Nasdaq OMX has said it will use $10 million from the Facebook shares the exchange owns to make up for some of the losses endured by investors the past two trading days. But even that's not expected to cover all of the fumbled trades because, according to Bob Griefeld, Nasdaq OMX's chief executive, there simply aren't enough shares available at the price sought by brokers.

None of this exactly restores confidence in Facebook shares or Nasdaq OMX's reputation. Just ask George Brady. He bought 1,000 shares of Facebook soon after they became available but had his purchase stall out on his Charles Schwab account.

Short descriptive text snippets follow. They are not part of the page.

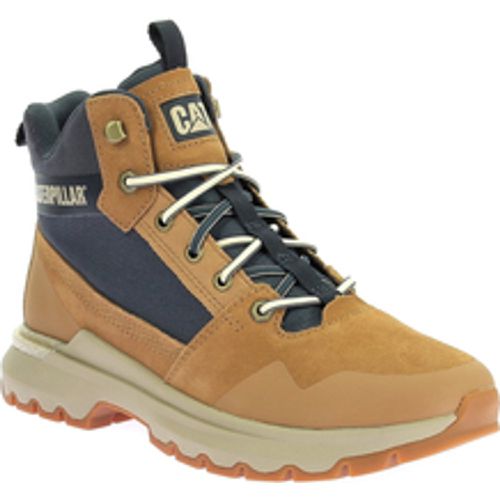 Turnschuhe Colorado Sneak - Caterpillar - Modalova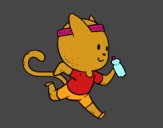 Gato runner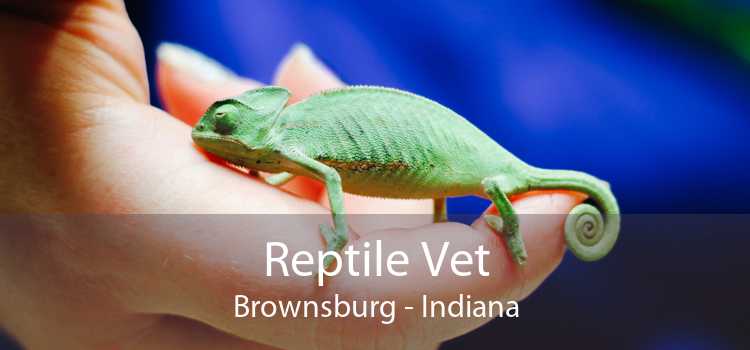 Reptile Vet Brownsburg - Indiana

Facebook shares had already started to dip and yet he was still standing out in the cold.

Then, six hours of silence followed. At around 6:14 p.m, Schwab told him that he had bought the shares at $40 and that he still held them, despite the cancellation request.

"I was stuck for six hours trying to figure out whether I owned this dog or not," said Mr. Brady, who lost $2,775 when he sold his shares on Monday. He says he has been in touch with Schwab and has contacted the SEC.

As terrible as it is to lose almost $3,000 on what was heralded as a sure-bet by many speculators, Brady should probably be glad he sold off his shares on Monday and swallowed the loss that he had then because today doesn't look much better. As of writing this, Facebook shares opened 7.41% down from yesterday and are slowly slipping down to the $30 mark.

As bad as that $3,000 loss is, it could be worse. Brady's name could be Mark Zuckerberg and he could've lost $2 billion yesterday.